NSSI, non-suicidal self-injury.

Groups differences in influencing factors

Our result showed that with NSSI group scored highest on all psychological/behavioral problems except for the sexual abuse score, followed by without NSSI and TD groups. The non-parametric Kruskal-Wallis tests revealed significant differences between the three groups for psychological and behavioral variables, including anxiety, depression, personality traits, emotion regulation ability, and childhood trauma (Table 2). Specifically, the average anxiety and depression levels were moderate to severe (>14) and severe (>19) in the mood disorder with NSSI group, moderate (>10) and moderate to severe (>15) in the mood disorder without NSSI group, and mild in the TD group.
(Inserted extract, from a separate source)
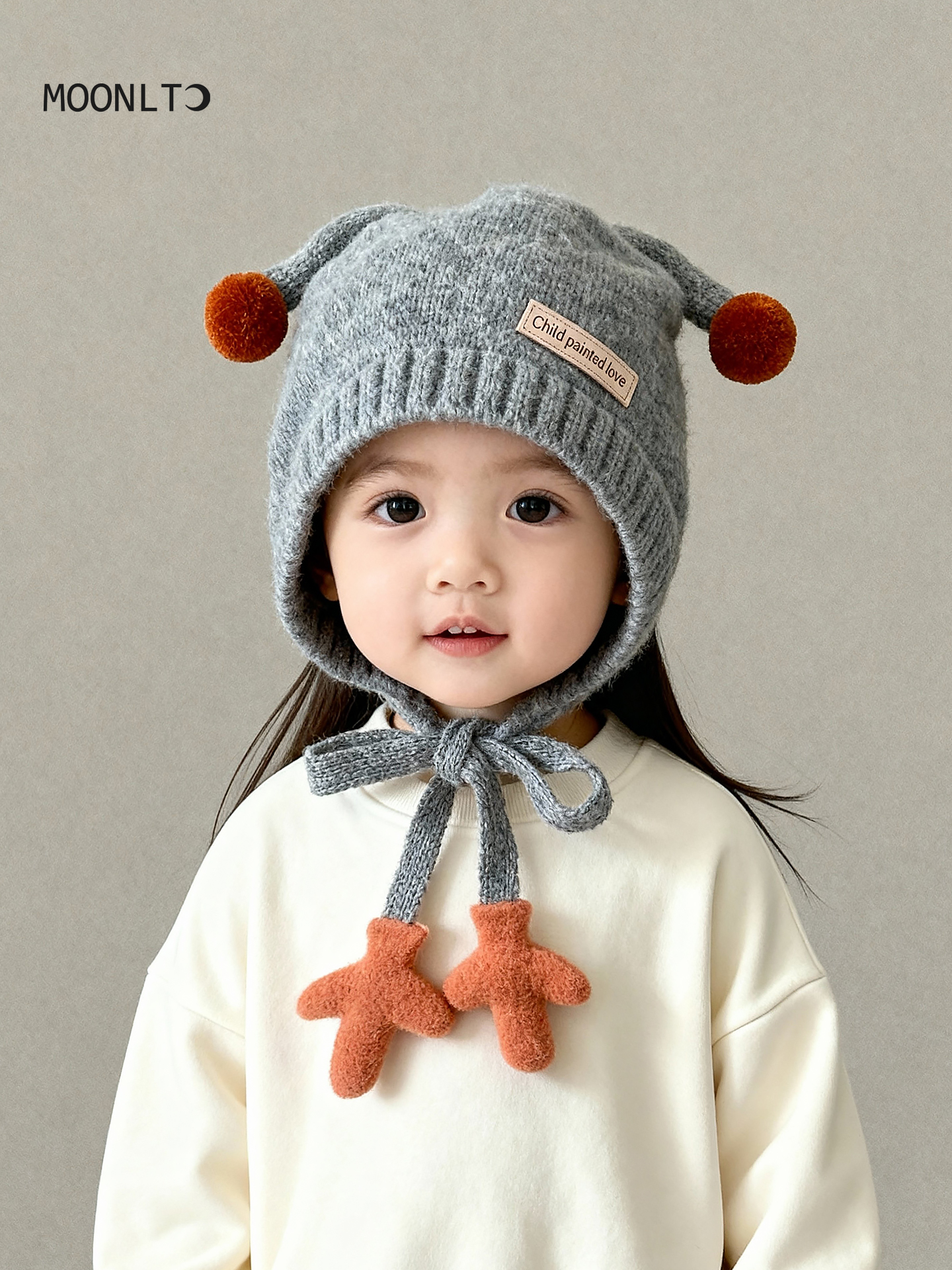 儿童帽子秋冬季男女宝宝保暖防风加厚小球户外保暖婴儿毛线护耳帽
Furthermore, the PDQ-4+ scores indicated that adolescents in the mood disorder with NSSI group may have paranoid (4.175 ± 1.499 >4), borderline (7.700 ± 1.858), avoidant (6.401 ± 1.572), and obsessive-compulsive (6.182 ± 2.381) personality traits, whereas adolescents in the mood disorder without NSSI group may have borderline (6.041 ± 2.267), avoidant (5.918 ± 1.923), and obsessive-compulsive (5.592 ± 2.571) personality traits, while the TD group did not indicate any personality traits. Post-hoc pairwise tests showed that compared with the mood disorder with NSSI group, the mood disorder without NSSI group scored significantly lower on PHQ-9, borderline, physical abuse, awareness, clarity, and impulse scores; the TD group scored significantly lower on all study variables except for sexual abuse score. Moreover, compared with the mood disorder without NSSI group, the TD group scored significantly lower on all study variables except for physical abuse and neglect, sexual abuse, and awareness. Furthermore, when the mood disorder (both with and without NSSI) and TD groups were compared, there were significant differences between the two groups on all indicators except sexual abuse (Table 2).

Table 2.

Groups differences and pairwise comparison of influencing factors.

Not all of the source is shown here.